[Records for this task]

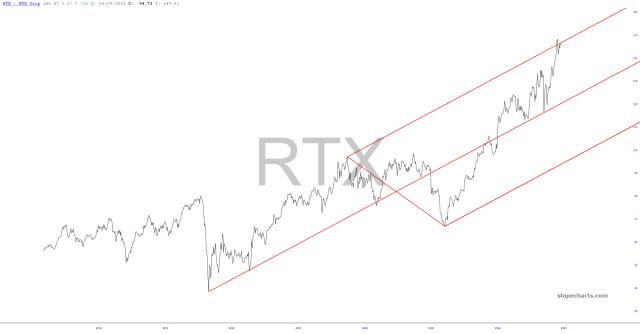 slopechart_RTX.jpg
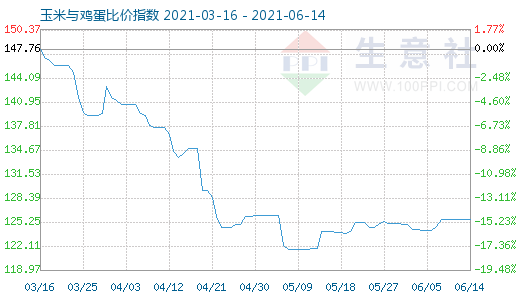 6月14日玉米与鸡蛋比价指数图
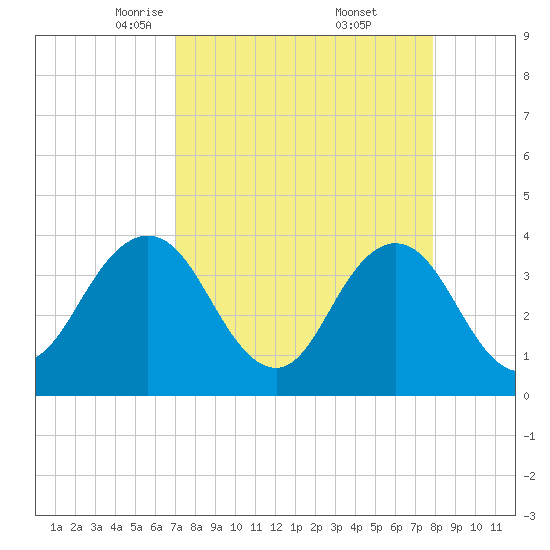 Sisters Creek tide chart for Sunday, April 12, 2026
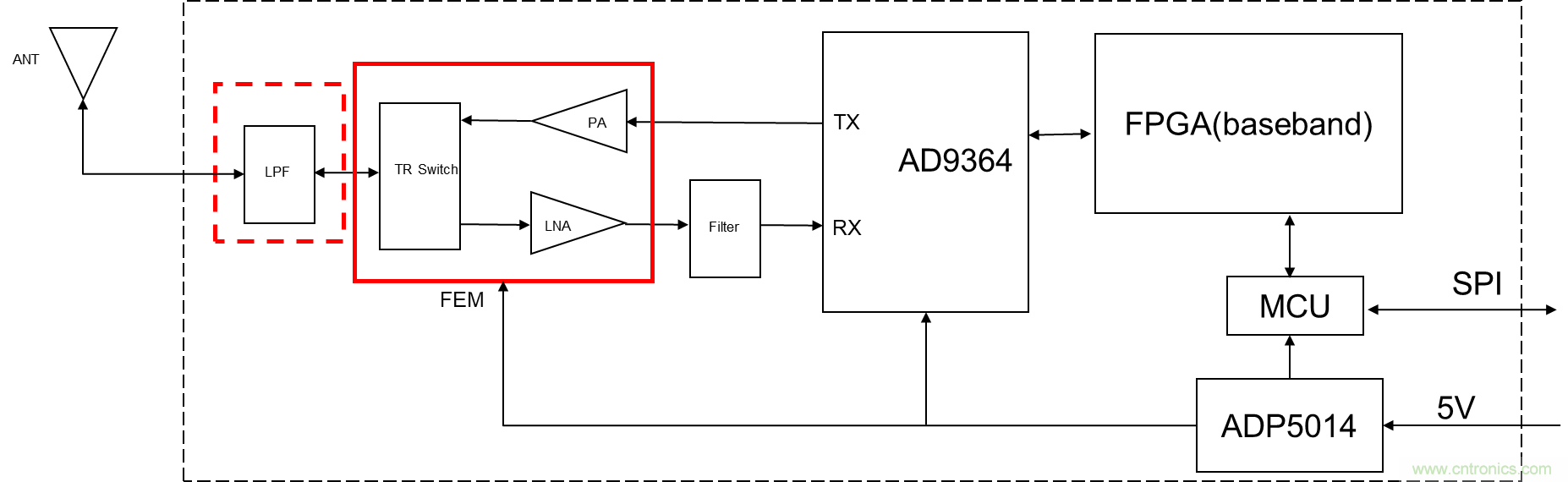 安裝率近100%、2億+的汽車ETC基礎資源，如何撐起智慧交通與智慧城市的想象？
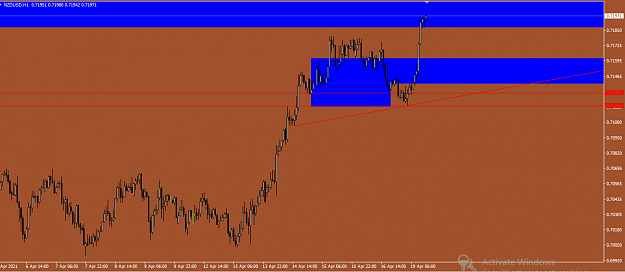 Click to Enlarge

Name: nzdusd.ff.h1.6.PNG
Size: 35 KB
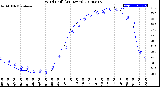 Milwaukee Weather Wind Chill<br>(24 Hours)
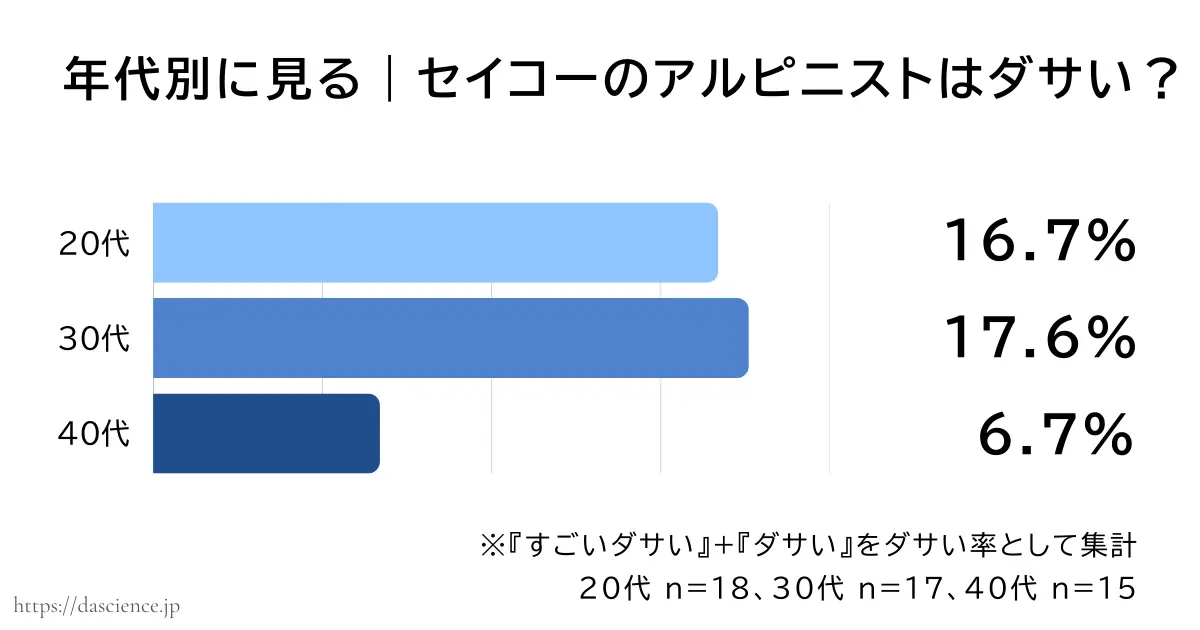 年代別にセイコーアルピニストがダサいと答えた割合をまとめた図解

[/Records for this task]

Exact copies of the lines from the one containing "Size: 35 KB" through the end of the records above are required, with no pictures among them.

Size: 35 KB
 Milwaukee Weather Wind Chill<br>(24 Hours)
 年代別にセイコーアルピニストがダサいと答えた割合をまとめた図解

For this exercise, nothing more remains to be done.